In a meeting with Laurel Brodzinsky, a representative from Assemblymember Gonzalez’s office who is a UC San Diego alumna, Finzel, Obradovich and Brodzinsky all spoke about the benefits of attending UC San Diego.
“I liked my undergraduate experience at UC San Diego a lot,” Brodzinsky said. “I loved my TAs, they were so excited about their research and the depth of their work was very impressive.”
Throughout the day, Barrett spoke of the importance of investing in graduate education.
“It’s a priority at UC San Diego to invest in graduate education, as it pays off,” said Barret. “We’re very appreciative of the state’s support because we have to compete with top universities in order to get the best students in the word, students like Nick and Kara.”
According to Barrett, reduced state funding greatly threatens the health of graduate programs.

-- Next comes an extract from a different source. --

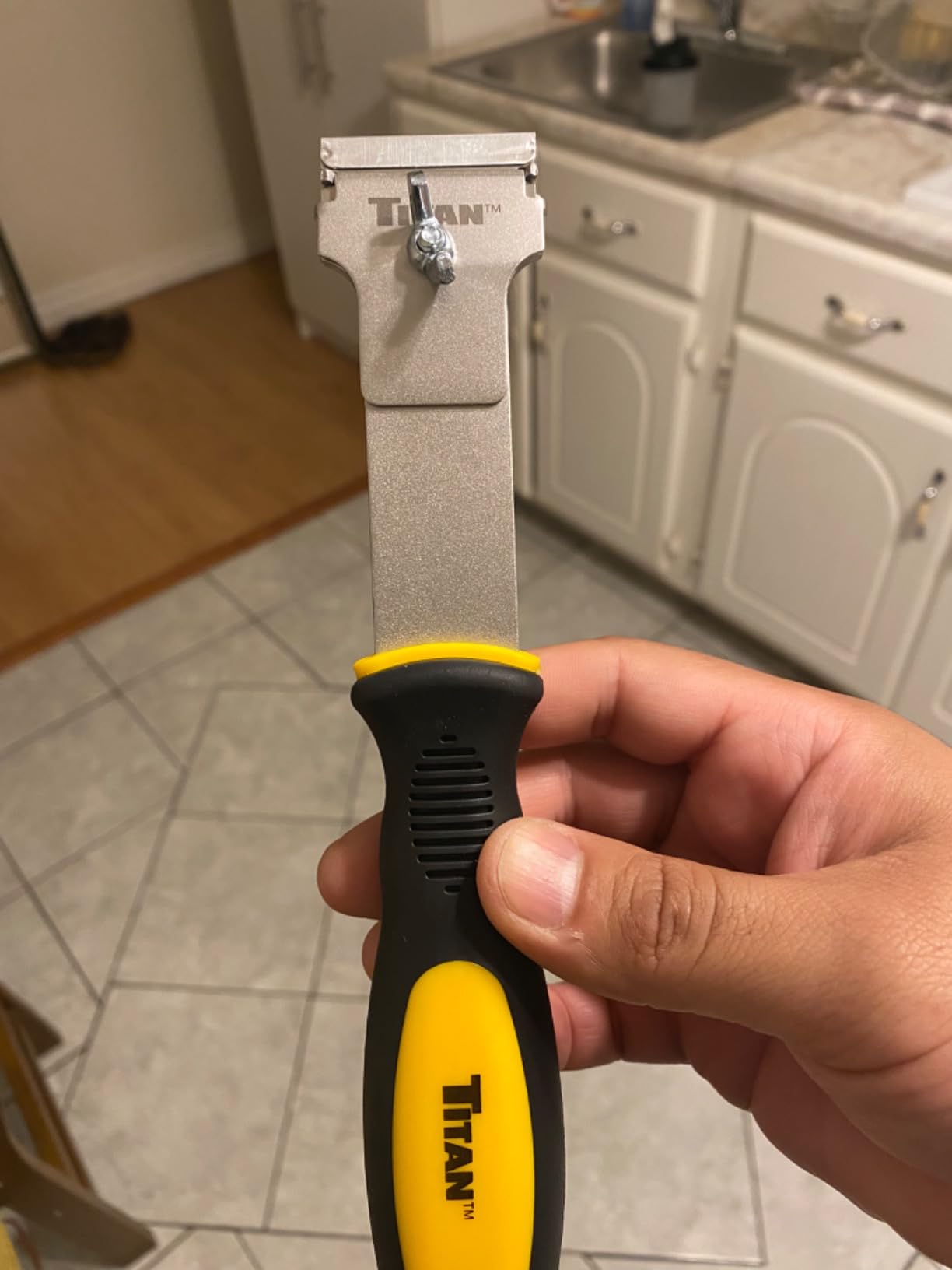 Titan 11030 9-1/4-Inch Multi-Purpose Razor Scraper | Includes 1 Extra Heavy-Duty Razor Blade customer photo 1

However, state investment in graduate education is not a matter of dollars alone. It also involves a continued commitment to supporting the resources that enable these students to flourish, such as the faculty time required to mentor and train graduate students.
Through its graduate programs, the University of California trains and supports more than 26,000 Ph.D. students and almost 6,000 postdoctoral fellows who are engaged in original research.
At UC San Diego, there are approximately 3,000 Ph.D. students in a wide range of disciplines.
“Graduate students’ charge is to find questions worth answering,” Barrett said. “And they are often questions directly relevant to real-world problems—problems like earthquakes, energy and addressing the cultural and social issues of the state.”